What does a gentleman keep in his inside breast pocket? If you’re Olivier Krug, sixth generation director of Krug Champagne, the answer is a Berluti wallet containing a well-thumbed passport and a piece of paper detailing the formula of every Krug Grande Cuvée for the past 20 years.
This little aide-memoire is necessary because Krug Grande Cuvée is one of the most complex, mercurial, multi-vintage champagnes (call it “non-vintage” at your peril) on the market. Virtually every edition of this prestige cuvée is made up of more than 150 components, including wines from the current year, as well as more mature stocks from Krug’s library of more than 150 reserve wines. Every year, Krug Grande Cuvée is recreated from scratch. And every year, it’s slightly different.
Not long ago, I had the pleasure of scrutinising these differences up close in a private tasting at the newly renovated Krug House in Reims. Seated in a room overlooking the terrace, where Olivier Krug played as a child, I tasted a trio of Grandes Cuvées based on three different years: 2003 (a notoriously hot year); 2002 (probably the most celebrated champagne vintage this side of 2000); and 2001, a vintage Krug freely acknowledges was “atrocious”.
Krug’s imposing architecture was there in all of them, yet the differences were pronounced. The cuvée based on 2003 was fleshy and fruity; the one based on 2002 much more heavyweight, with creamy, toasty power. The third Grande Cuvée should, by rights, have been a shocker, but a combination of skilful blending and the passage of time had given it a mellow grandeur that was incredibly alluring. Even Olivier Krug admits this one took them by surprise.
“Some vintages are good, some vintages are bad, but even the greatest years don’t have everything,” he muses. “And that’s why Joseph Krug had the dream of creating Grande Cuvée: he wanted to produce a wine that was the fullest expression of champagne –everything, every year.”

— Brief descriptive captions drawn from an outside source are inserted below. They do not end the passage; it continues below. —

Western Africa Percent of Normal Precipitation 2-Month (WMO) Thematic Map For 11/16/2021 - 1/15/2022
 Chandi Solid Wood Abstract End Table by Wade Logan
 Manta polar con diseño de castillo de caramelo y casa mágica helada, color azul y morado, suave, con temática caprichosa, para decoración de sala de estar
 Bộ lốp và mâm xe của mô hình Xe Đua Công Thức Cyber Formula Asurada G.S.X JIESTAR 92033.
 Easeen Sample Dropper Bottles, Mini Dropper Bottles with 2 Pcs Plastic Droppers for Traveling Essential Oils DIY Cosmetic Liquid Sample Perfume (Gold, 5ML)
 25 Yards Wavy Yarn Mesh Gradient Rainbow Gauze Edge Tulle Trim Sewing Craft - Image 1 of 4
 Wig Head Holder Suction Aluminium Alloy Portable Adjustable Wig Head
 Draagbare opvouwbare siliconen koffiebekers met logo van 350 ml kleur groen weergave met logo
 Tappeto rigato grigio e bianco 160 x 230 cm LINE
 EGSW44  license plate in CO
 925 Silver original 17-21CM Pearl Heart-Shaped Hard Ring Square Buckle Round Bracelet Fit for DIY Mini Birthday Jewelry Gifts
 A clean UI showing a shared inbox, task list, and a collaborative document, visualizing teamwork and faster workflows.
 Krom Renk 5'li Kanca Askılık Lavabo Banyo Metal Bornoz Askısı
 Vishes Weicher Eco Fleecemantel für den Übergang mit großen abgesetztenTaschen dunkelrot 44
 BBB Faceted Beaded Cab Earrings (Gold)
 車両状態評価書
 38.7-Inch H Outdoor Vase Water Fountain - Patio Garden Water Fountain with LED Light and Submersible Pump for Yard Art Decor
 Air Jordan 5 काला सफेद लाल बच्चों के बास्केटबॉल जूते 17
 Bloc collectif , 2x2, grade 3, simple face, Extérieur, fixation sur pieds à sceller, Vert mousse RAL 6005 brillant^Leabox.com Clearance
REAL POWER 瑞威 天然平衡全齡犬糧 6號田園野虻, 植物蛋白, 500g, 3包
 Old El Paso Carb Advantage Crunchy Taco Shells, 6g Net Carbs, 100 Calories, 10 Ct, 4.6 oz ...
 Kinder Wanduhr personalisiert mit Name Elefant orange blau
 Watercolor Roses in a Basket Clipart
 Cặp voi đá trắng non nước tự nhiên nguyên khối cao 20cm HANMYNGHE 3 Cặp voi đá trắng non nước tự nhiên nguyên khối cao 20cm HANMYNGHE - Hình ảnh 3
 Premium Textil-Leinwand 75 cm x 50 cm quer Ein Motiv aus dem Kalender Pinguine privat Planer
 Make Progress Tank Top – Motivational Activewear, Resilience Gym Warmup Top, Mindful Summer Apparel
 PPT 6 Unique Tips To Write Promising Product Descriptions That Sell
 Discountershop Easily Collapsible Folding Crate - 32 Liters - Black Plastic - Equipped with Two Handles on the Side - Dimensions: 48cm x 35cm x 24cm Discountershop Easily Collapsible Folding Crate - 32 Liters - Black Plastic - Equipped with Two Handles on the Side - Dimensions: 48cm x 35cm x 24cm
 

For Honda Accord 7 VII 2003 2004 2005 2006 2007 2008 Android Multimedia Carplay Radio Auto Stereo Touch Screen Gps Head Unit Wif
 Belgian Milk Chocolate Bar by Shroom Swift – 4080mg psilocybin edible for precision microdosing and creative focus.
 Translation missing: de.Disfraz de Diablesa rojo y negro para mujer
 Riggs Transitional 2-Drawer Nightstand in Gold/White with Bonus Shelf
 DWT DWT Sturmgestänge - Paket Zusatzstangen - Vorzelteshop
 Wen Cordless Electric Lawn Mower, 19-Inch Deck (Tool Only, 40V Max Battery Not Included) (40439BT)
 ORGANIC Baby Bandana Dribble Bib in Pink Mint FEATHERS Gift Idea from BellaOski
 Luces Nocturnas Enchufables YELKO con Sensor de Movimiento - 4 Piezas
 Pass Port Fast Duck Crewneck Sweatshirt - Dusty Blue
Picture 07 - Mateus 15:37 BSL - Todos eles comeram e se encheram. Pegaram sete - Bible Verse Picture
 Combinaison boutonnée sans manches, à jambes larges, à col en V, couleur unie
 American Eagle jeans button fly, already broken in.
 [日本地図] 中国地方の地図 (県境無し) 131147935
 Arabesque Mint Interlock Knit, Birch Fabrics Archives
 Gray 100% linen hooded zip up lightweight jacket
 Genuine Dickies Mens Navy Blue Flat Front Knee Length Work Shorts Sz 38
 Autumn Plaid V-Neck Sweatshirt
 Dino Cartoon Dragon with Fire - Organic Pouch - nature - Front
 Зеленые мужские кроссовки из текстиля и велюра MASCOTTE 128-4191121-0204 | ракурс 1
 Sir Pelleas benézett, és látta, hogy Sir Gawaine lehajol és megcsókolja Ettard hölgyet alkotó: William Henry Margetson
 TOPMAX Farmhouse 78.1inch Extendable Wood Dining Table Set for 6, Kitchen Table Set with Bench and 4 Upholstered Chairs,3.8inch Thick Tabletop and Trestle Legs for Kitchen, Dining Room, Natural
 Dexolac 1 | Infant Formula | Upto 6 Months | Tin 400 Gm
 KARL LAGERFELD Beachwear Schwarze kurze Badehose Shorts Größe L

The former finance controller admits he is “obsessed” by details. “I said I would arrive at 12.09pm today, and what time did I arrive?” he asks me with glee, over lunch. “12.09pm exactly!”
But a head for figures is not necessary to appreciate Krug: latterly, every Grande Cuvée has been distinguished by an edition number on the front label, as well as an ID number on the back, allowing one to access the details of each blend on Krug’s website. Such transparency is rare in champagne, and it’s catnip to serious Krugistes.
Of course, Krug does vintage too. By the time you read this, it will have just released the 2004. But if you want to go behind the scenes of this famous house, Krug Grande Cuvée is a fine place to start.